Todo sucedió con el quinto. El tercero, que de salida no le gustó, se lastimó la mano derecha en los inicios de faena, desistiendo del menor intento de lucimiento el torero de La Puebla.
Fue esto lo más destacado de la interesante tarde portuense. Interesante por toros y toreros. La manejable, por noble aunque sosa, corrida de Nuñez del Cuvillo propició también la demostración de la maestría de Ponce. La faena del valenciano al cuarto tuvo un doble interés: de un lado la facilidad para lograr conciliar su toreo con las exigencias de la plaza; de otro, la ejecución admirable de la ligazón. Un maestro sobradamente dotado para hilvanar con fácil técnica y clásicas formas todo el encanto del natural. Y hasta se arrimó con criterios estrictamente auténticos. Le cortó la oreja tras pinchar a este, y fue ovacionado tras matar mal al primero después de una faena donde sobresalieron los ligados muletazos a derechas en el epílogo del trasteo.

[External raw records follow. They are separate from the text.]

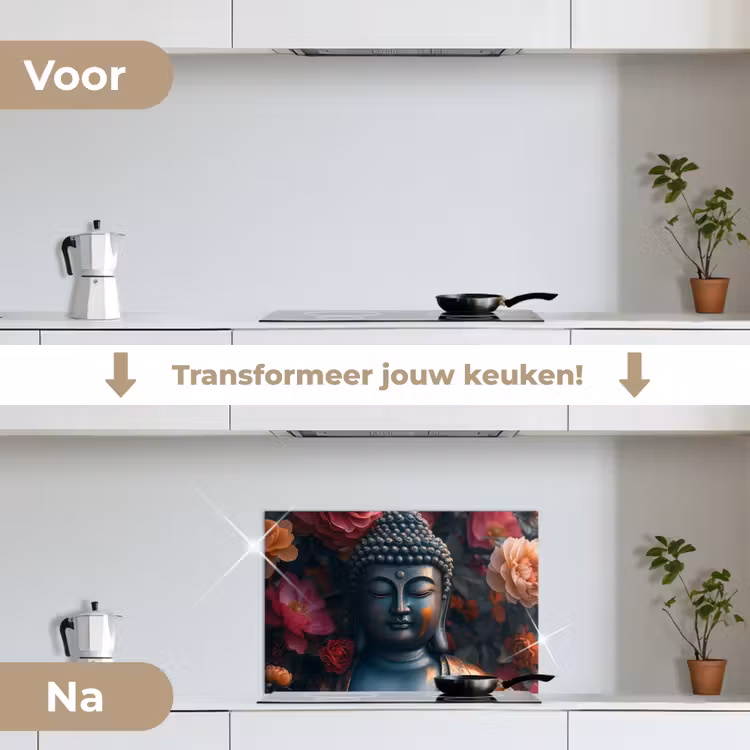 Boeddha - Bloemen - Buddha - Beeld - Kunst keuken achterwand spatscherm klein -voor_na_NL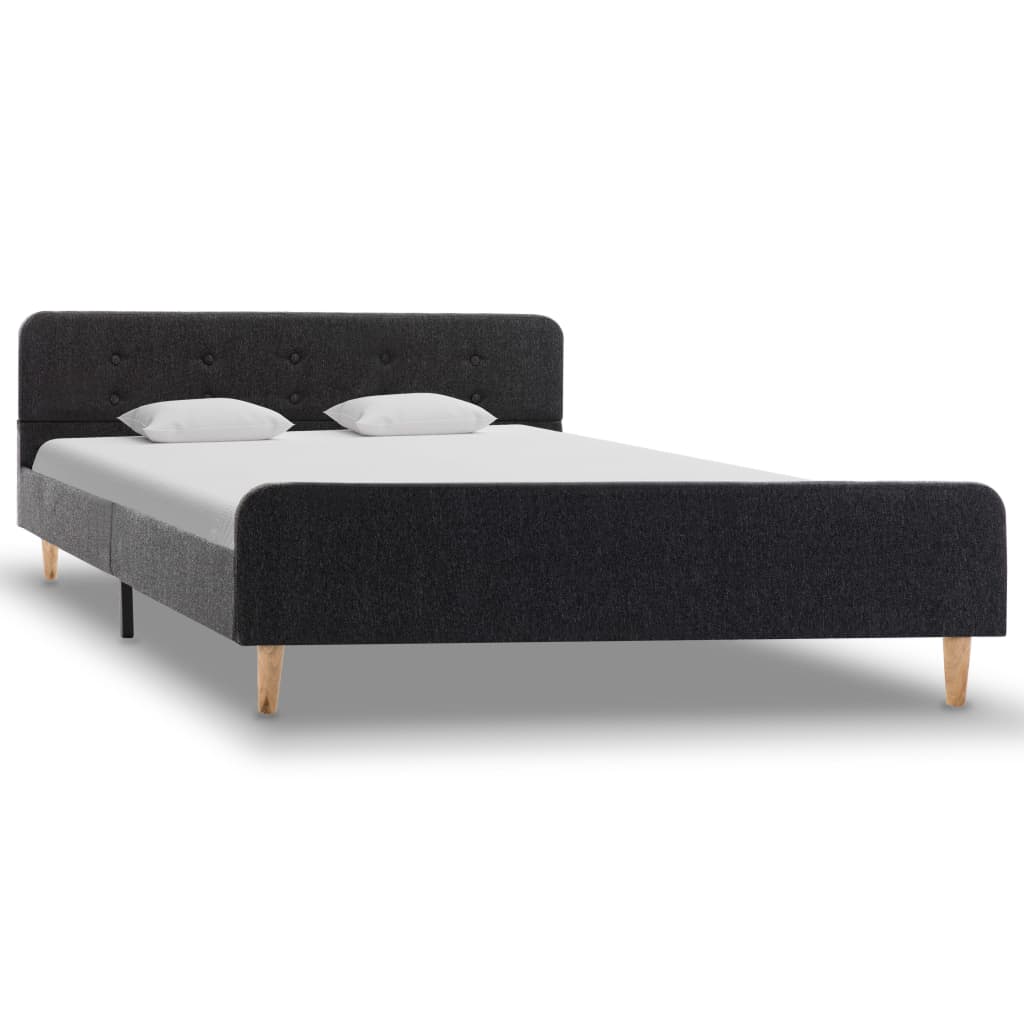Estrutura de cama 140x200 cm serapilheira cinzento-escuro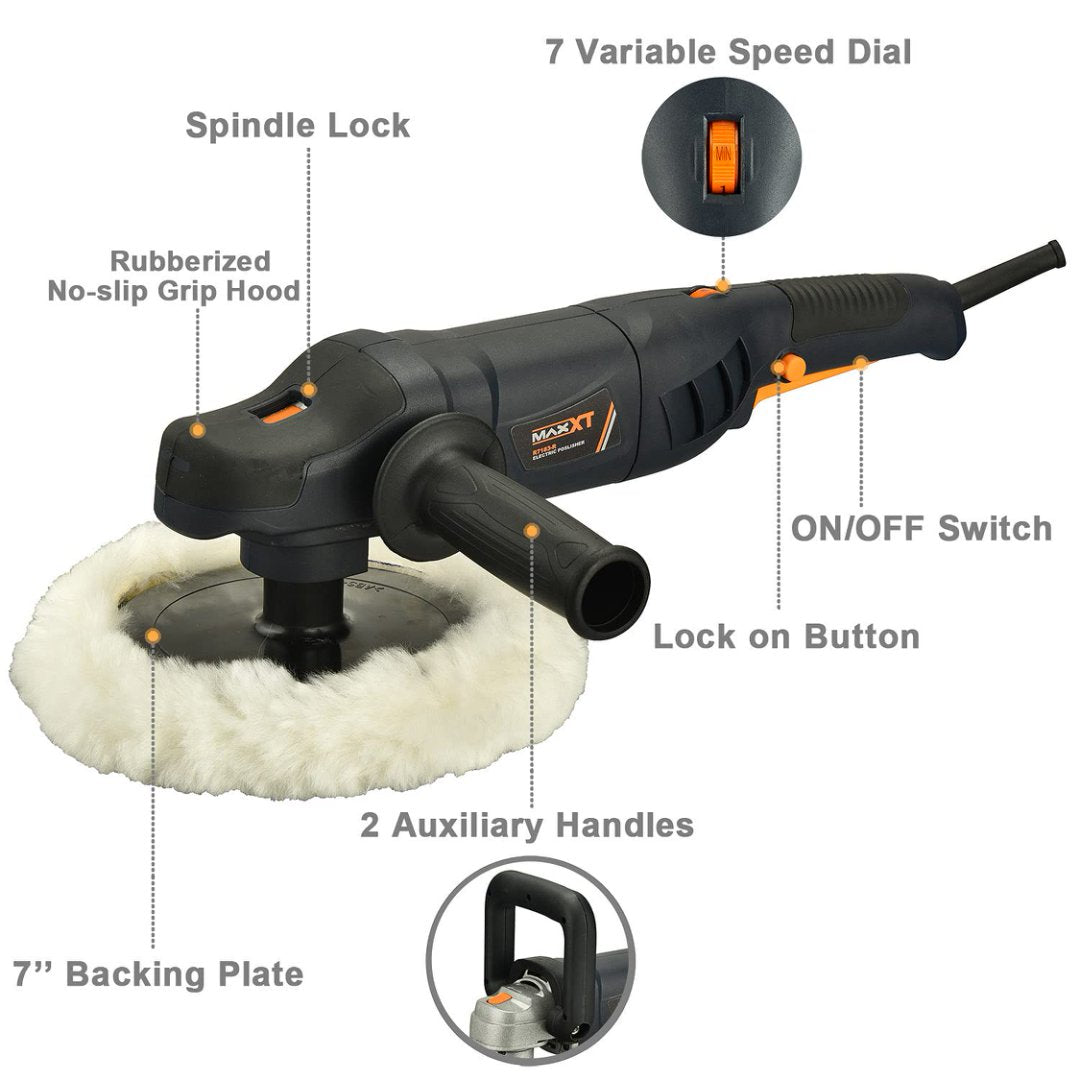 Car Buffer Polisher Rotary Variable Speed Car Polishing Machine 7 Inch Car Detailing Kit With D And Side Handle, Woolen Fleece Hood, Terry Polishing Bonnet, Sanding Discs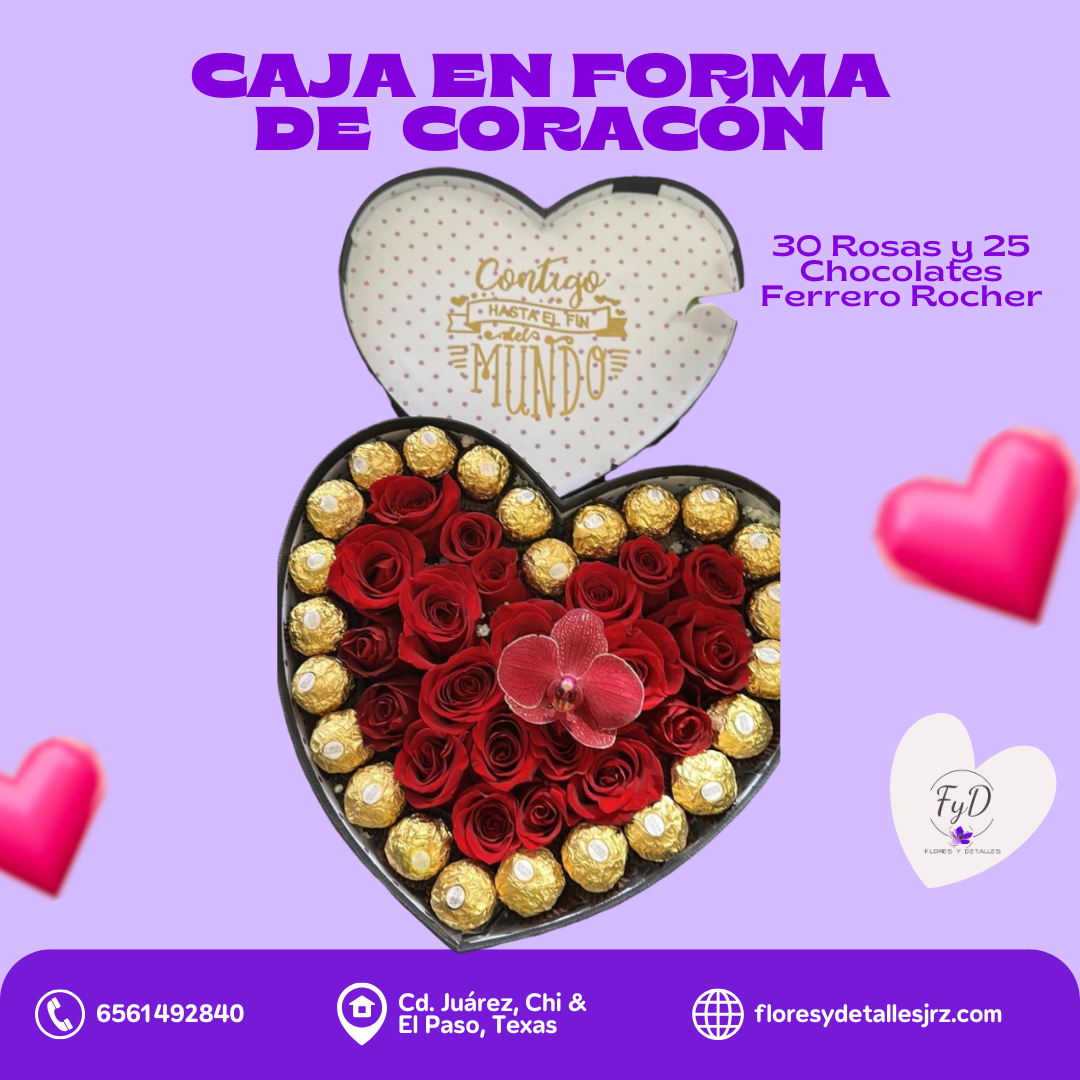 Caja en forma de corazón  con 30 rosas y 25 chocolates Ferrero Rocher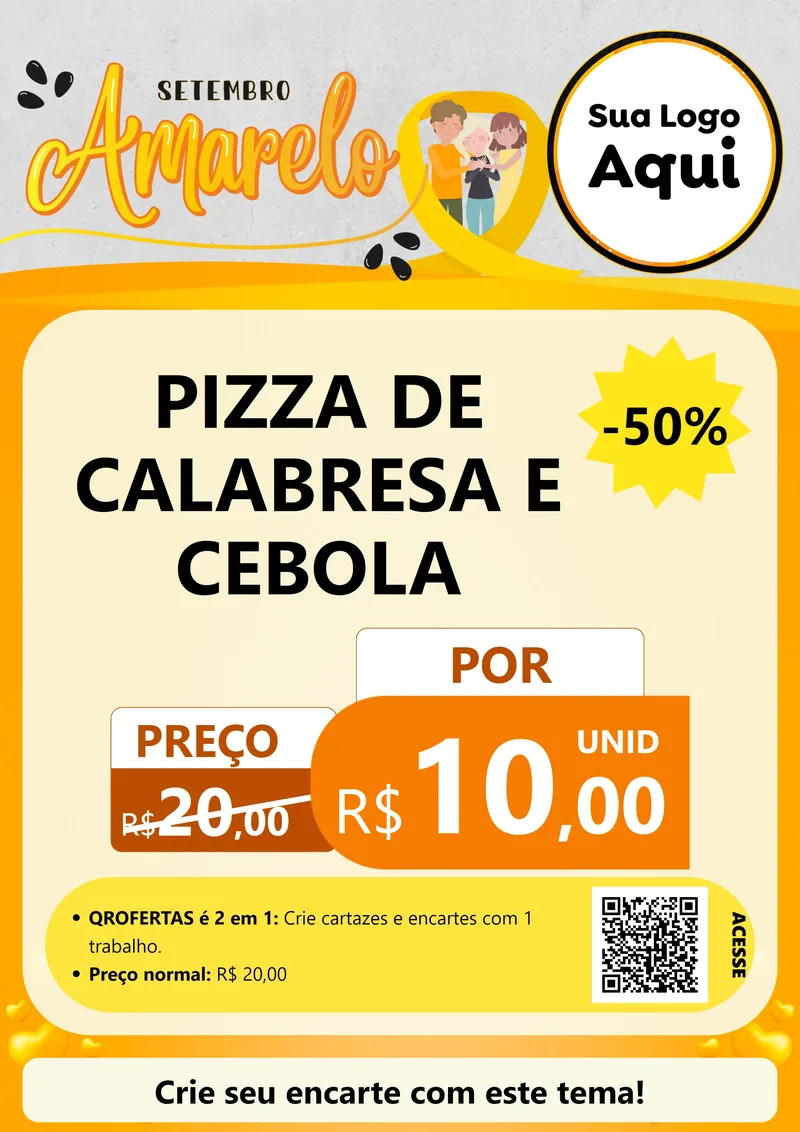 Modelo de Cartaz para Cartaz A4 Vertical com o tema Setembro Amarelo para Pizzaria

Jesuli de Torrecera dio en la plaza todo lo que tenía que dar. No le faltan ganas al gaditano para abrirse camino. Lucha como nadie por el triunfo. A su manera, con vibrantes muletazos con la diestra, ligados algunos, algo despegados otros, pero con poderosas maneras logró desorejar al tercero tras la contundente estocada. . De igual forma se comportó con el sexto, al que brindó a Ponce y a Morante. Mejor con la derecha que con la izquierda. Desigualdad en los trazos. Pero eso sí, con un enorme deseo de agradar. Considerado en esta su tierra, Jesuli, acompañó a Morante en su salida triunfal por la puerta grande tras conseguir la oreja de este buen toro.